Comment vivre au jour le jour avec une DMLA ?

 

La réhabilitation en basse vision intervient lorsque toutes les possibilités de traitement de la DMLA sont épuisées. S’il ne faut pas en surestimer les résultats, elle peut être très utile pour améliorer la qualité de vie des patients atteints de DMLA. Elle nécessite la collaboration de plusieurs acteurs comme les ergothérapeutes (professionnels de l’adaptation et de l’éducation aux tâches de la vie quotidienne), les opticiens, les orthoptistes (professionnels de la rééducation de l'œil et de la vison) et les ophtalmologistes.


Après avoir réalisé un bilan général et oculaire (mesure de l’acuité visuelle, étude de la sensibilité au contraste, étude du champ visuel, etc.), des aides visuelles adaptées pourront être proposées aux patients.

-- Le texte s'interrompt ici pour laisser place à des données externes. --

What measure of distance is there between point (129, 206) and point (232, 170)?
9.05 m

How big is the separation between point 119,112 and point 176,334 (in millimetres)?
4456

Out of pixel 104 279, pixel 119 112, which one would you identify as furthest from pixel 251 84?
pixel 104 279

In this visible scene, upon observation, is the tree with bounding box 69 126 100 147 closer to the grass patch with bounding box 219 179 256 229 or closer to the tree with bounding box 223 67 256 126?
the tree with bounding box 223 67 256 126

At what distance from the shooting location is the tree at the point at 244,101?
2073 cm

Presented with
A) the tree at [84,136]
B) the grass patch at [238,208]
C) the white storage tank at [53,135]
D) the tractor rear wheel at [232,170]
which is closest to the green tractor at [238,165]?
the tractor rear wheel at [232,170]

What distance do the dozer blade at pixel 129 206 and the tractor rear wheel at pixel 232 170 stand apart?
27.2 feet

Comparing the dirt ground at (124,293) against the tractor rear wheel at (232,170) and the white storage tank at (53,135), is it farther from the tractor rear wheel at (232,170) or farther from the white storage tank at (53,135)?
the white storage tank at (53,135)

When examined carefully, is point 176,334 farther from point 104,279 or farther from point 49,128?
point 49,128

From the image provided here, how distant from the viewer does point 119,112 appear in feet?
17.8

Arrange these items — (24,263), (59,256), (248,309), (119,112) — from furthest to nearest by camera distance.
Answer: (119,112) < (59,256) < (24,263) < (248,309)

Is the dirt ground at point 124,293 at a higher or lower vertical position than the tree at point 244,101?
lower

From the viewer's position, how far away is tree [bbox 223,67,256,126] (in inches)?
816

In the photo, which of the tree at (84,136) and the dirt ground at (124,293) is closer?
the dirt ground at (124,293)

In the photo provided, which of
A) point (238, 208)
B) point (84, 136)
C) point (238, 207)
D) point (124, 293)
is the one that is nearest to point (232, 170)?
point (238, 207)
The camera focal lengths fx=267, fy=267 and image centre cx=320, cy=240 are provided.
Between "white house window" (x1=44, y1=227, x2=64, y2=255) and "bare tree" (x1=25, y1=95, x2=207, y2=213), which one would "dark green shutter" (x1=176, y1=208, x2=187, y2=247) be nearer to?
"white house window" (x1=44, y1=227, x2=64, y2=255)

Il s’agit de systèmes optiques ou électroniques qui ont pour but d’agrandir l’image de manière à utiliser au mieux la fonction visuelle résiduelle.

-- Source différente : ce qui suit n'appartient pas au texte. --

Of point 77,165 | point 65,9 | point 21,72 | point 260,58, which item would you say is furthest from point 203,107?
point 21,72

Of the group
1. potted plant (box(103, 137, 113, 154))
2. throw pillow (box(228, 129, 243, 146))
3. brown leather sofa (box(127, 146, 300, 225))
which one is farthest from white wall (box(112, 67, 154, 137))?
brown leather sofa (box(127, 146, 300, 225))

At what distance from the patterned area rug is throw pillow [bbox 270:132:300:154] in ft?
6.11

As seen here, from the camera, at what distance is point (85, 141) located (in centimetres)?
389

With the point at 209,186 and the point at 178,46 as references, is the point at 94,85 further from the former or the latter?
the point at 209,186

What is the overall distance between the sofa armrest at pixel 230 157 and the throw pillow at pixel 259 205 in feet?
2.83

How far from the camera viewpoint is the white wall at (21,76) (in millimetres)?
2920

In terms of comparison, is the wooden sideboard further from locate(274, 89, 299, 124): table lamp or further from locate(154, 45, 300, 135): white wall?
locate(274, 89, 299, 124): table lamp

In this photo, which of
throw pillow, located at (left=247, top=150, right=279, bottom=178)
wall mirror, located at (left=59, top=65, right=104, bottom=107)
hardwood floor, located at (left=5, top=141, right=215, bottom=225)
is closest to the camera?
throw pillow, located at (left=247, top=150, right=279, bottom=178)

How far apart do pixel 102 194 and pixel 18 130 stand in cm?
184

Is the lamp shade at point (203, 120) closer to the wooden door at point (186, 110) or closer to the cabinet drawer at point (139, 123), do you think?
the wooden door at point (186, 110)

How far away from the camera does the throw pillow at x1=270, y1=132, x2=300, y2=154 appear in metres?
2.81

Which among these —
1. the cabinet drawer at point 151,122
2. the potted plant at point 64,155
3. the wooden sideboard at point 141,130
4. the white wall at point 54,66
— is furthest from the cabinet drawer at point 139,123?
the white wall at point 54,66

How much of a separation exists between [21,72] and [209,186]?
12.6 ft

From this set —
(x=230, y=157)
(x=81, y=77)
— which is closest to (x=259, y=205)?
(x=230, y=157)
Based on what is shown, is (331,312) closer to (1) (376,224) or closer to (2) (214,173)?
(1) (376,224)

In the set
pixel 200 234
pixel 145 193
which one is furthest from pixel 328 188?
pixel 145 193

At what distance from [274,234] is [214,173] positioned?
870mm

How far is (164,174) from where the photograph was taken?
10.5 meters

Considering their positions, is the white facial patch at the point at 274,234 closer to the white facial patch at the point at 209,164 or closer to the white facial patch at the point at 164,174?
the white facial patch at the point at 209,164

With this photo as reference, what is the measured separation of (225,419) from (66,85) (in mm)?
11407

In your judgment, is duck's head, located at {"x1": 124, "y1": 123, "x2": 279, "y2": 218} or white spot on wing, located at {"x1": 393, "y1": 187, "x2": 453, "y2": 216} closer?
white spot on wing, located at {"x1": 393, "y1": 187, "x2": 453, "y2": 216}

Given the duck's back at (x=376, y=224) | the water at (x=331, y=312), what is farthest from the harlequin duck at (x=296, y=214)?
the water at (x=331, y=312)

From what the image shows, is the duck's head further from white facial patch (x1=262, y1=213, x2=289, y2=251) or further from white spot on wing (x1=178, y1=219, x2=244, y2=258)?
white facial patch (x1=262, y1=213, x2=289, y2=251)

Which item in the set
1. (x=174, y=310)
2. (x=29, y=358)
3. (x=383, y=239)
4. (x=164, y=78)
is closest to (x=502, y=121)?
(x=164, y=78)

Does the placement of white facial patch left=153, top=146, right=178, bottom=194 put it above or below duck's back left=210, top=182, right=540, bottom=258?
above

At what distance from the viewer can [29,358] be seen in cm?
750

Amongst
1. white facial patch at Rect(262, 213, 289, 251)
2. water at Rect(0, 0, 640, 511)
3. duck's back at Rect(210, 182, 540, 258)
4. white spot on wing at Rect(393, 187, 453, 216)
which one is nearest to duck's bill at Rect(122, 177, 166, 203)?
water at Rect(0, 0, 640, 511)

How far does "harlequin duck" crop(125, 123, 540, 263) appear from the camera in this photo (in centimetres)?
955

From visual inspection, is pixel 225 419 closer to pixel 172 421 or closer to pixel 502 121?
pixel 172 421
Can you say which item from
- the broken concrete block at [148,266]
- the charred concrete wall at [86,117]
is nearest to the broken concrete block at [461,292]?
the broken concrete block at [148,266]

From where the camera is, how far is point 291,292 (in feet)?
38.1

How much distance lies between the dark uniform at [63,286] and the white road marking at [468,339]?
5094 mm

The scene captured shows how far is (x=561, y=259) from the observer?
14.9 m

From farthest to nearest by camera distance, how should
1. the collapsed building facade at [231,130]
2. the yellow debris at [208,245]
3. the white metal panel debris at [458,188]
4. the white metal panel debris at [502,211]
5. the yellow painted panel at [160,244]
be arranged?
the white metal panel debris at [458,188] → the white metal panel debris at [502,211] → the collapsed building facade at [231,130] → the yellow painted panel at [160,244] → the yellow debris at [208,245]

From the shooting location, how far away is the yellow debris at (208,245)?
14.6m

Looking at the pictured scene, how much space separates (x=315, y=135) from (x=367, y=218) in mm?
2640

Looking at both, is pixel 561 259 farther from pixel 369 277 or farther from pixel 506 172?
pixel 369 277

L’autonomie dans la vie journalière peut être améliorée dans différents domaines :


- communication : téléphone à grosses touches
- vie courante : s’équiper d’un réveil et d’une montre parlants
- informatique : grosses lettres autocollantes à apposer sur le clavier de l’ordinateur, agrandissement des caractères des polices utilisées
- environnement : fixer les tapis, éloigner tout ce qui est saillant
- santé : noms des médicaments écrits en gros caractères sur des étiquettes
- loisirs : se rapprocher de l’écran de télévision, utiliser une loupe électronique ou un guide-ligne pour la lecture, opter pour des romans enregistrés à écouter avec un balladeur


Enfin, le soutien psychologique peut s’avérer particulièrement important, car la maladie est fréquemment source d’anxiété. L’adhésion à des associations de malades peut entrer dans ce cadre. L’association DMLA a pour objectif de regrouper patients et professionnels de santé autour de la maladie. L’association Retina France est une association qui regroupe des patients atteints de pathologies rétiniennes et qui a également pour but d’encourager la recherche thérapeutique en ophtalmologie.